Drexel was one of the first schools to purchase wind power about a decade ago. In the last two years, Drexel increased its green energy usage from 33 percent to 100 percent and was ranked on the top-20 list for the past two years, Campbell said.

“I think it’s great that Drexel is showing the world what it can do, but we have a lot of behavioral sustainability on campus to take care of,” Nicole Koedyker, president of the Drexel Sierra Club and a junior studying business administration, said.

Koedyker named recycling, composting, reusable bottles, and the Sierra Club’s newest initiative, “Meatless Mondays,” as areas of sustainability where Drexel can improve.

“While we may be investing in local energy, Drexel’s endowment may still contain some of the top 200 fossil fuel investments,” Koedyker said. “We need to divest from fossil fuels altogether, which we’ve done operationally but not financially, so Sierra Club is launching the Divest Drexel campaign this March.”
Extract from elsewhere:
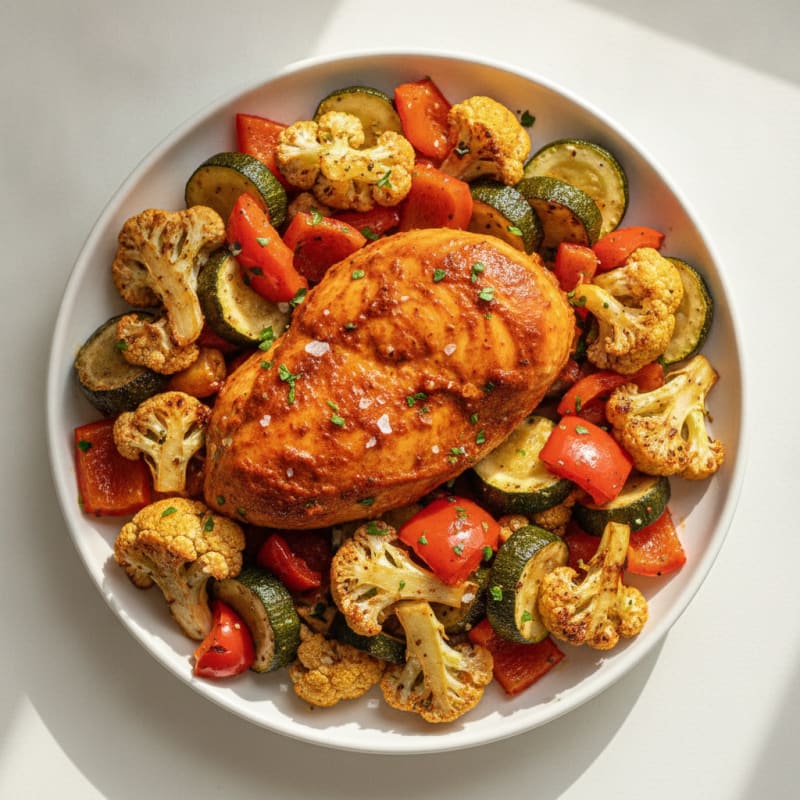 Spicy Harissa Chicken with Roasted Vegetables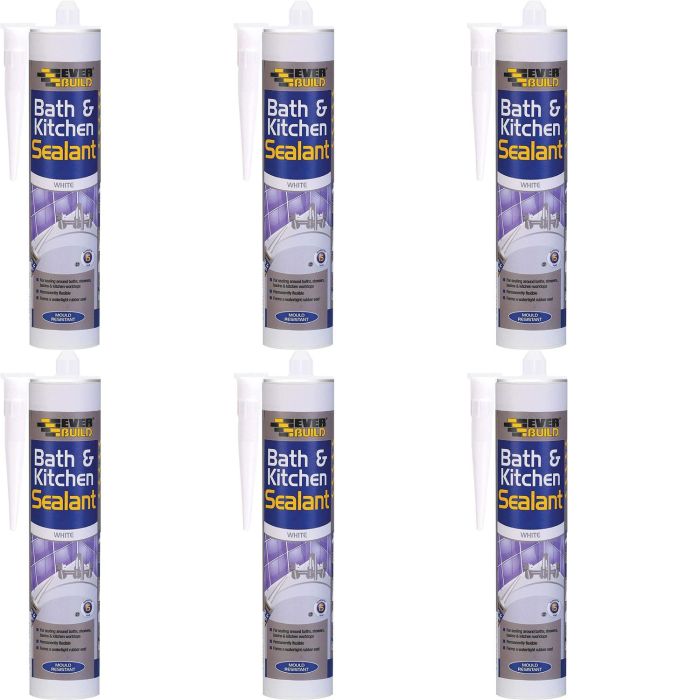 Everbuild Bath & Kitchen Sealant White 290ML - Pack of 6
Drexel is initiating efforts to incorporate solar energy into its green power usage through upcoming participation in the Keystone Solar Project located in Lancaster, Pa. Drexel will help fund the building of a solar farm in Lancaster. The project will allow Drexel students and faculty to be part of the whole process with in-depth access to videos, documents, designs and plans not otherwise available in the classroom. They will be able to involve and define career paths in building solar energy.